_Work to complete_. A faithful copy of the entries, without any pictures, is what is needed here.

(Scraped caption text data)
-*-

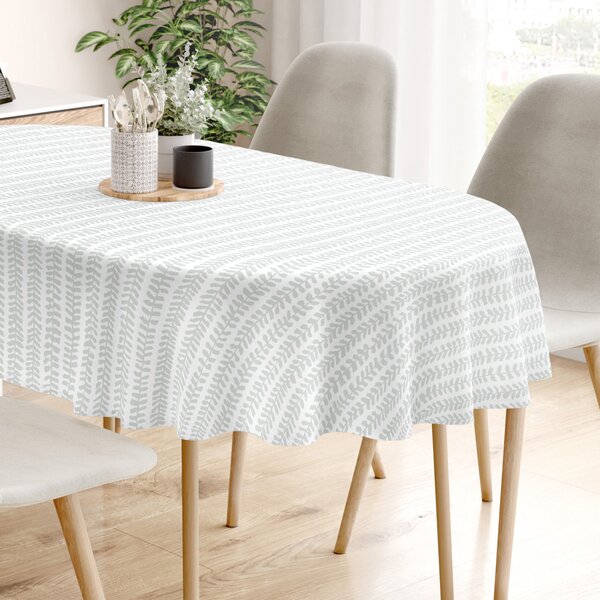 Goldea față de masă 100% bumbac - frunze scandinave - ovală 140 x 240 cm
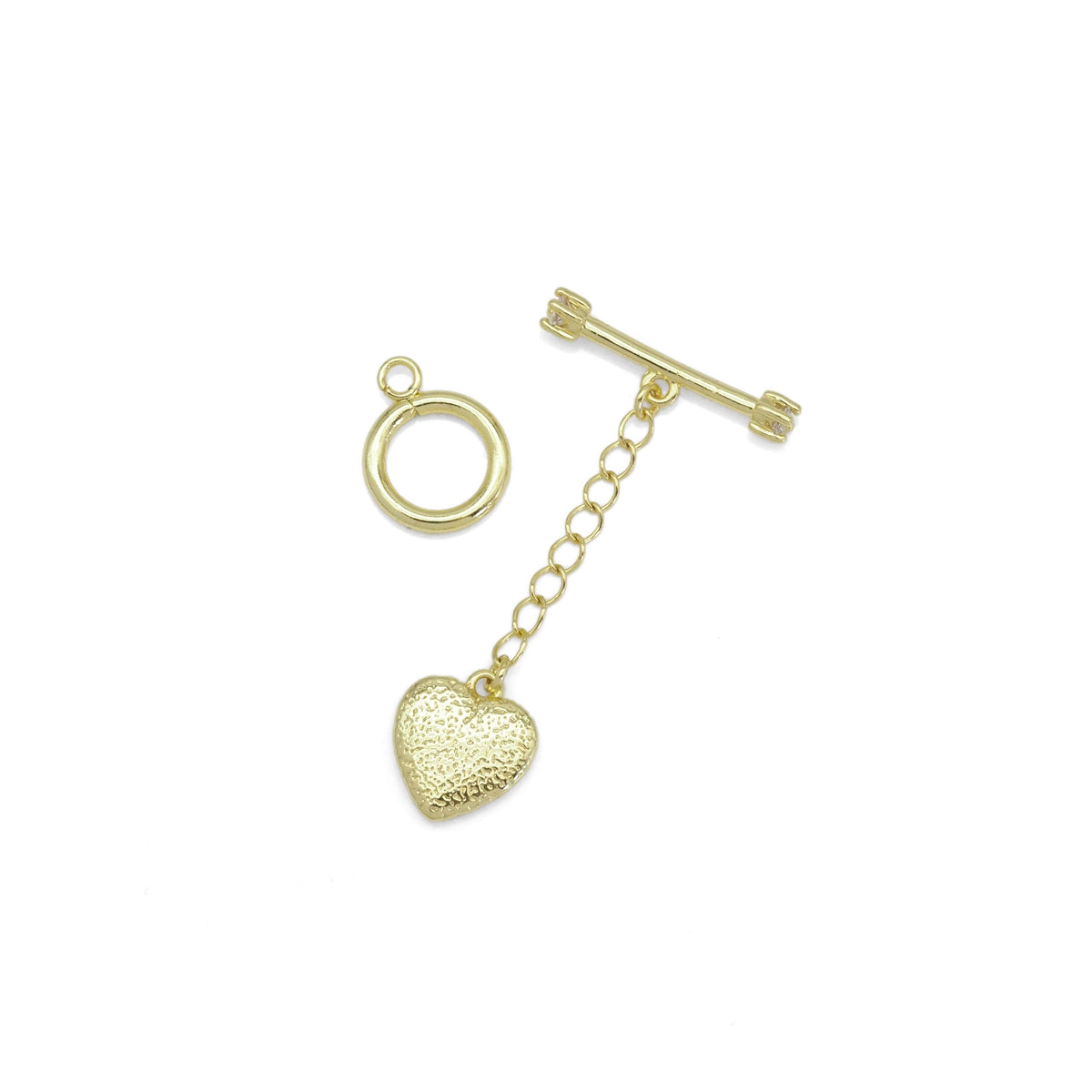 Gold Heart Toggle Clasp Set with Diamond end bar, Sku#LD510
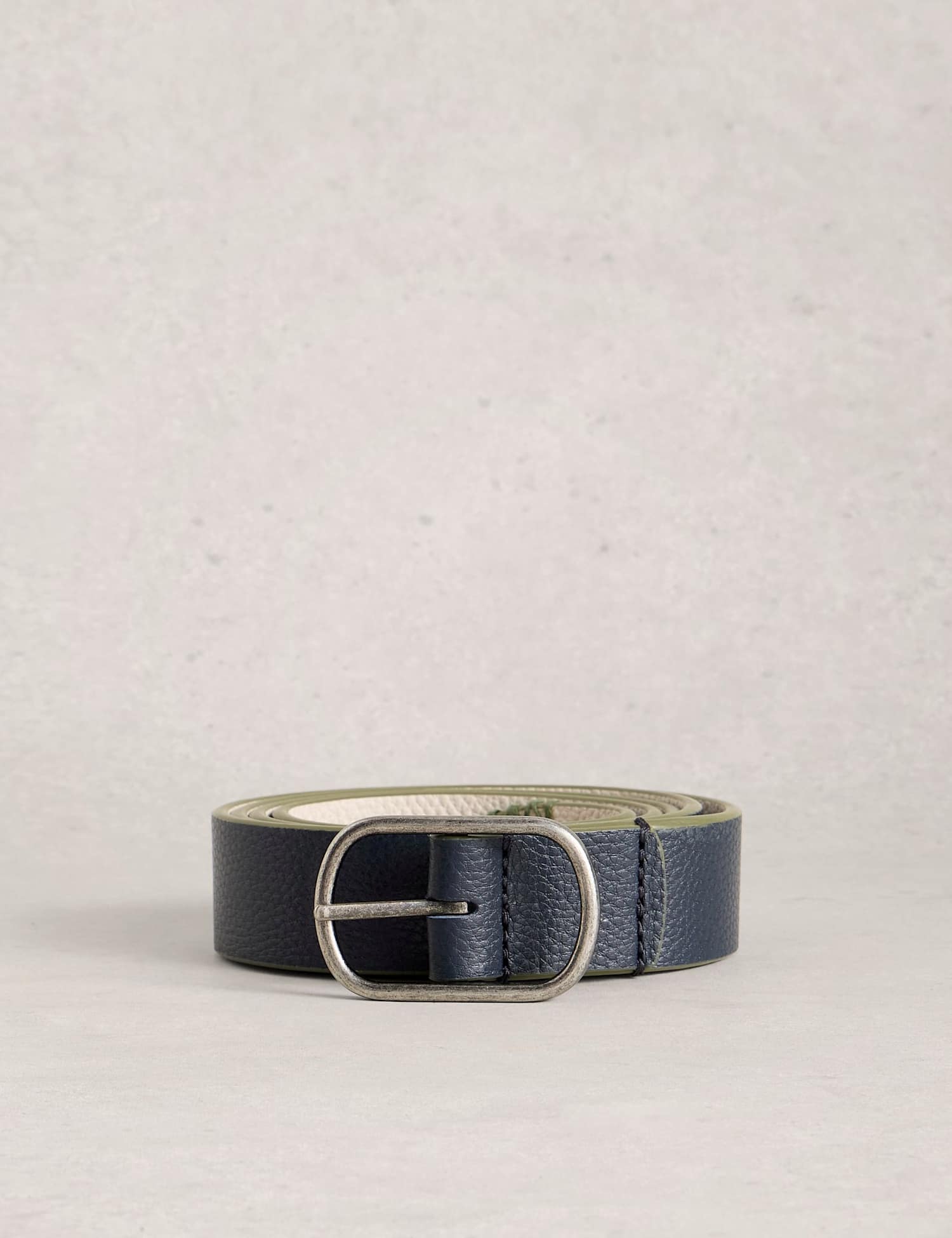 White Stuff Leather Reversible Jeans Belt Navy Mix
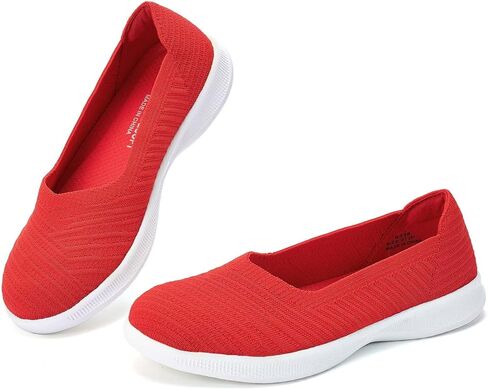 konhill Women's Slip on Loafers - Comfy Walking Tennis Low-Top Ballet Flat Nurse Shoes Casual Sneakers in Kuwait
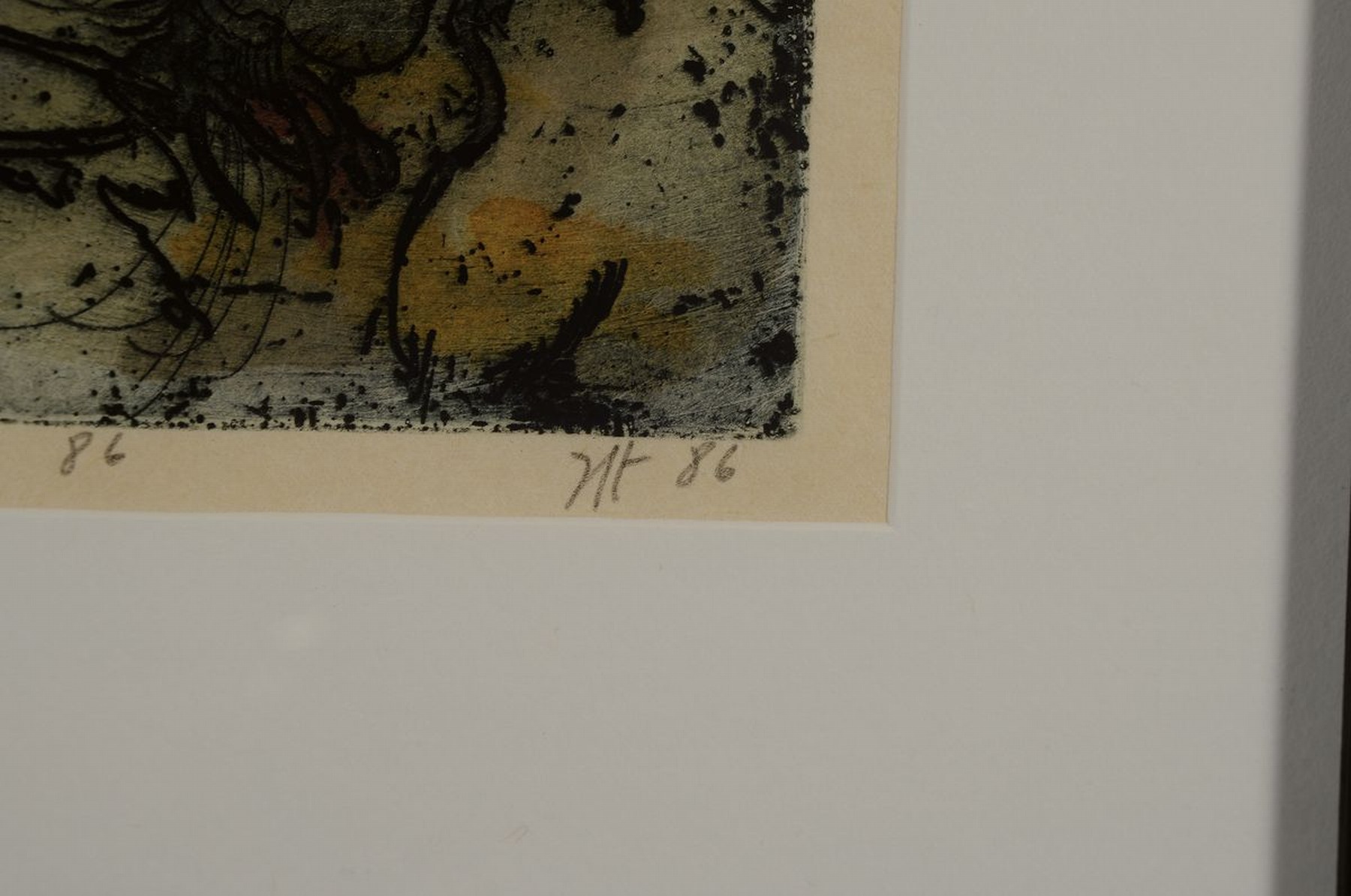 Detail a: Horst Janssen, 1929 - 1995, Aquarell über Radierung auf Japanbütten, re. u. handsigniert, datiert (19)86, 24.5 x 32.5 cm, unter, Glas, Rahmen: 36 x ...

-*-

_The completed task_.
 Goldea față de masă 100% bumbac - frunze scandinave - ovală 140 x 240 cm
 Gold Heart Toggle Clasp Set with Diamond end bar, Sku#LD510
 White Stuff Leather Reversible Jeans Belt Navy Mix
 konhill Women's Slip on Loafers - Comfy Walking Tennis Low-Top Ballet Flat Nurse Shoes Casual Sneakers in Kuwait
 Detail a: Horst Janssen, 1929 - 1995, Aquarell über Radierung auf Japanbütten, re. u. handsigniert, datiert (19)86, 24.5 x 32.5 cm, unter, Glas, Rahmen: 36 x ...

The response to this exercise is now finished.